Some thoughts and observations, I don't mean to repeat myself but I have quite a bit of work experience in fine dining.

1. Professional chefs don't sit around talking about their "art and vision" when the publicists aren't encouraging them to do so.

2. Being a chef is a trade/craft/art. All of those elements are intertwined. The chef/artist comparison to musician/artist or painter/artist isn't appropriate.

3. As a chef my customers decide if I'm an artist who's cooking they trust enough to "give in to". I can't force it on them.

4. A chef who rants about being an artist and a visionary to deft ears and cringing faces, is talking to the wrong audience or is doing something wrong. I don't really buy the "artist ahed of his/her time" argument, not in this day and age.

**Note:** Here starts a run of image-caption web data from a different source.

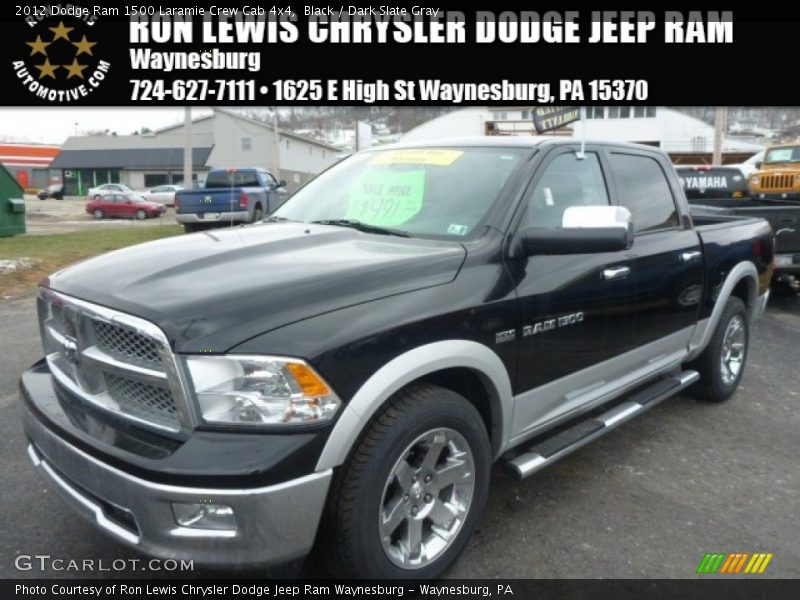 Black / Dark Slate Gray 2012 Dodge Ram 1500 Laramie Crew Cab 4x4
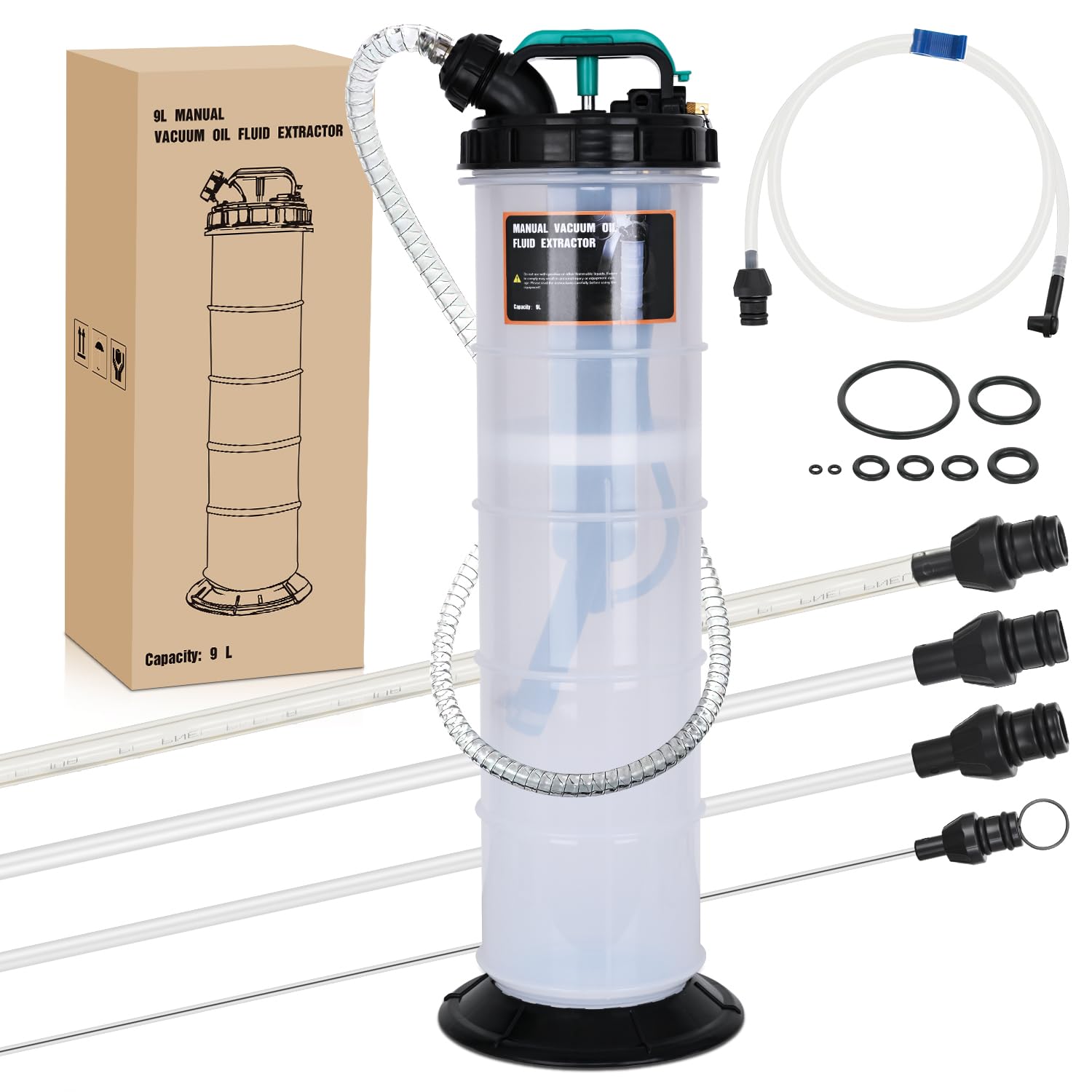GOOACC Oil Extractor Pump 9L Manual Fluid Extractor Pump Vacuum Changer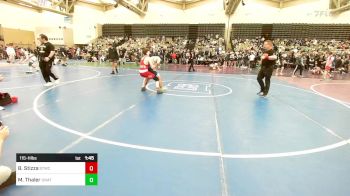 115-H lbs Round Of 32 - Brandon Stizza, Shore Thing WC vs Mitch Thaler, Unattached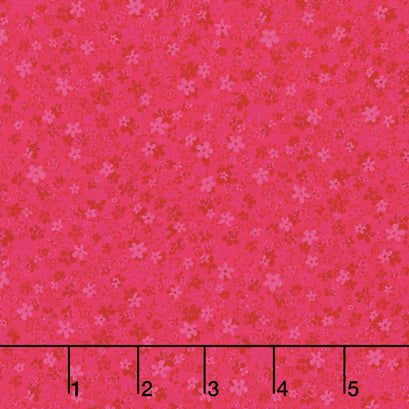 Hopscotch - First Flowers Pink Lemonade Yardage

5. Customer says, "I don't like cumin."

I ask, "How have you had this spice before?".

Customer says, "Mexican food and Indian"

I explain, "the use of cumin is very different in Algerian cooking, perhaps a small taste and you change your mind"

Customer, "I really hate cumin."

I say, "Okay, these are dishes that do not contain cumin. I can't take the cumin out of premade soups and stews."

Customer says, "I want to have a special event, with a range of Algerian dishes, no cumin please."

I say, "Of course. Cumin isn't even necessary to make a dish authentically Algerian."

The point of these examples? I can't make a single tajine with no cumin a la minute, because I've already added spices throughout the slow cooking process. With a little advanced notice for a party of at least 4 let's say, I can prepare a seperate batch.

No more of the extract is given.